EXERCISE DESCRIPTION | Only the lines from the one with "Detailed view of" through the last line of the data below are to be duplicated, exactly and without pictures.

***

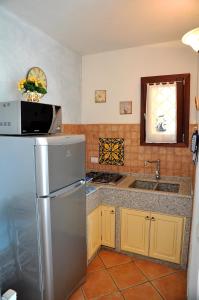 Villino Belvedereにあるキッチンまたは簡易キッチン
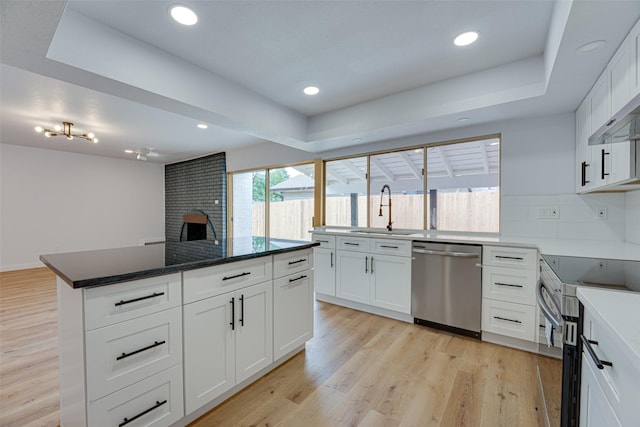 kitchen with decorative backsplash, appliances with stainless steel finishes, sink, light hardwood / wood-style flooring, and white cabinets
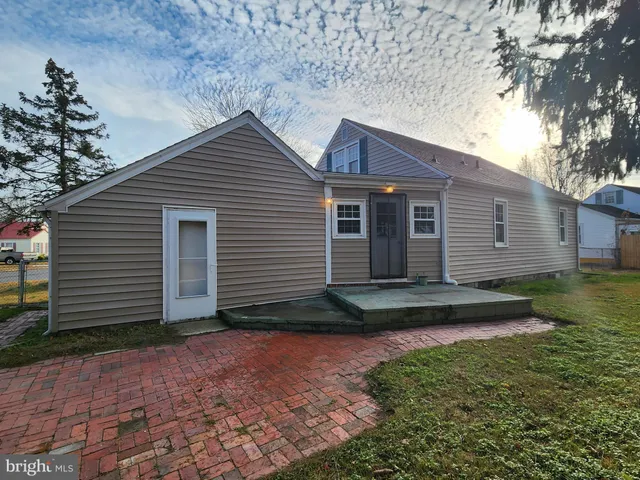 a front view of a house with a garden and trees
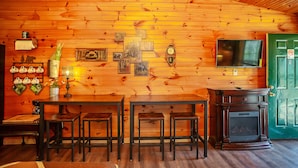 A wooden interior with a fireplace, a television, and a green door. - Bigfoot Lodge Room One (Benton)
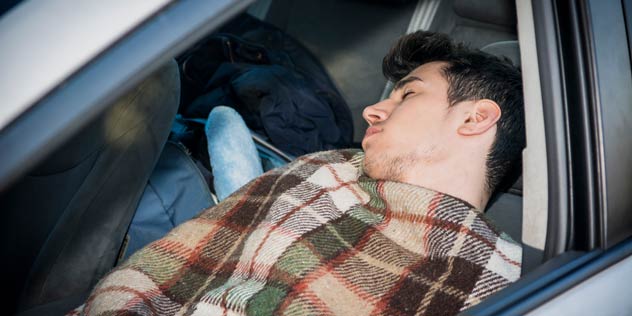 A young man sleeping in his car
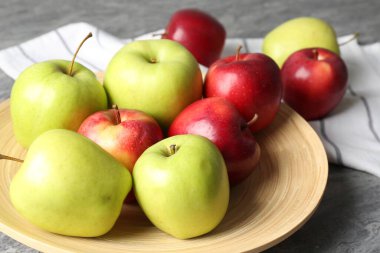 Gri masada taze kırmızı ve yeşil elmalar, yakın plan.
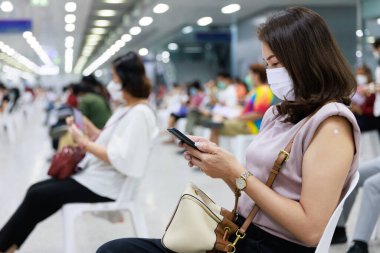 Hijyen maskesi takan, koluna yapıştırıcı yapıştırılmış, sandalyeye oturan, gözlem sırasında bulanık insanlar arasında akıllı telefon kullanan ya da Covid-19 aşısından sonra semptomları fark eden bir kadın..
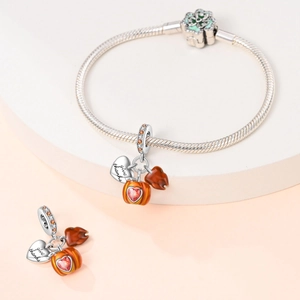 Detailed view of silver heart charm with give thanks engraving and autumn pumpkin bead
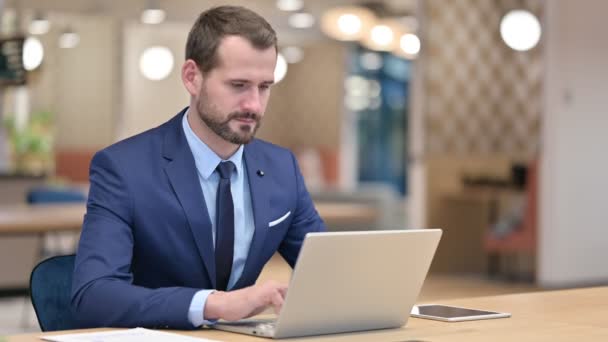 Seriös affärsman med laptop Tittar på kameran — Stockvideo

***

TASK OUTPUT |
 Detailed view of silver heart charm with give thanks engraving and autumn pumpkin bead
 Seriös affärsman med laptop Tittar på kameran — Stockvideo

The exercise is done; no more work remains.